【民主党解剖】第3部ぶれる輪郭(4) 憲法論議封じる共闘路線
違法状態を放置
「わが党はあまりにも野党共闘に気を使いすぎて、憲法審査会規程の制定に後ろ向きの印象を与えている。
改めておわび申しあげたい」
5月1日に東京・永田町で開かれた超党派の「新憲法制定議員同盟」(会長・中曽根康弘元首相)の大会で、
民主党を代表してあいさつした副幹事長の長島昭久は聴衆に頭を下げた。
2年前の平成19年5月14日に成立した国民投票法に基づき、衆参両院に常設機関として憲法審査会が設置されたが、
委員数や議事手続きを定める審査会規程はいまだになく、実質的なスタートに至っていない。
民主党は同法が衆院で「強行採決」されたことに反発し、他の野党と一緒に規程の制定に抵抗し続けてきた。
それが冒頭の長島の謝罪につながっている。
「確かに違法状態になっていることは認めざるを得ない。本来はやるべきだ」
参院議院運営委員長の西岡武夫がこう語るように、憲法審査会の現状を問題視する声は党内にも存在する。

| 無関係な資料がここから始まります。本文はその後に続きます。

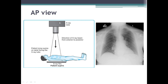The anterior-posterior (AP) view is generally used in emergency or for patients who are in ICU or very sick and cannot stand. In this view, the X-ray film is placed posteriorly, the patient is supine, and therefore facing the X-ray tube. The direction of the X-ray beam is from anterior to posterior. Therefore, in this view, the heart may appear enlarged.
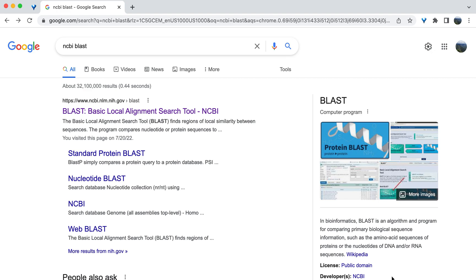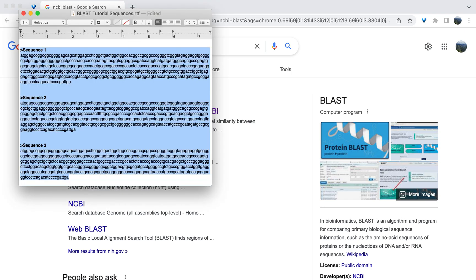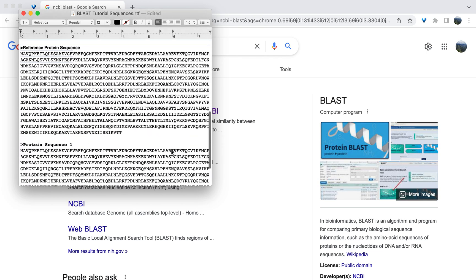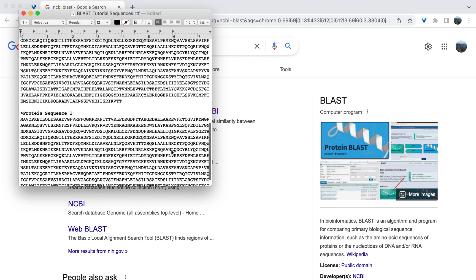Before beginning, it is important to have the protein sequences you want to compare handy. I have mine in a text file here.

それでも民主党が違法状態の解消に消極的なのは、政権交代後に社民党と連立を組むことを想定しているからだ。
護憲派の社民党は「憲法審査会を動かす必要はない。今、憲法を改正しなければならない状況だとは思わない」(党首の福島瑞穂)と主張する。
民主党代表の小沢一郎自身、「憲法を何が何でも改正しなければ、という緊急性があるのか」(昨年4月28日の記者会見)
と述べており、党内に憲法論議を進めようという機運はない。
寄り合い所帯
憲法をめぐり、野党共闘以上の難題は党内調整だ。
民主党では、かつて幹事長の鳩山由紀夫が「自衛軍」の保持を明記した「憲法改正試案」を出版し、旧民社系グループが
軍隊の保持を明記した「新憲法草案」をまとめたことがある。長島のように「憲法改正の実現は党是だ」と主張する議員もいる。
一方、今年1月、自治労や日教組と関係が深い「フォーラム平和・人権・環境」が香川県で開いた護憲大会には、
民主党から衆院議員の近藤昭一ら3人が来賓として参加した。また、45人の党所属議員が「日本国憲法と9条の精神を守るべく、
みなさまとともに頑張る」(衆院議員、仲野博子)などと祝電を寄せた。
改憲論者から、ガチガチの護憲派、旧社会党左派までが同居する寄り合い所帯だけに、ひとたび憲法論議が始まれば、
党内に深刻な亀裂が入るのは確実だ。
「今はあらゆることに政権交代が優先する。国民には『武士の情け』で、自民党政権の巨悪を引きはがすまで待っていただきたい」
自主憲法制定が持論の若手議員は、苦しい胸のうちを語る。ただ、民主党政権誕生後も、憲法改正が政治日程に上る見通しはない。
平成17年に党憲法調査会長として「憲法提言」をまとめた元政調会長の枝野幸男は今、「政権交代をしたら、まず自民党と違うこと
をやらなければならない。自民党とも合意し、憲法改正を(衆参の)3分の2以上でやるには時間がかかる」と、
憲法改正の優先順位は低いと指摘する。
そして、実際の憲法改正への着手時期については「あと10年ぐらいかかるのではないか」と、遠い目をしてつぶやいた。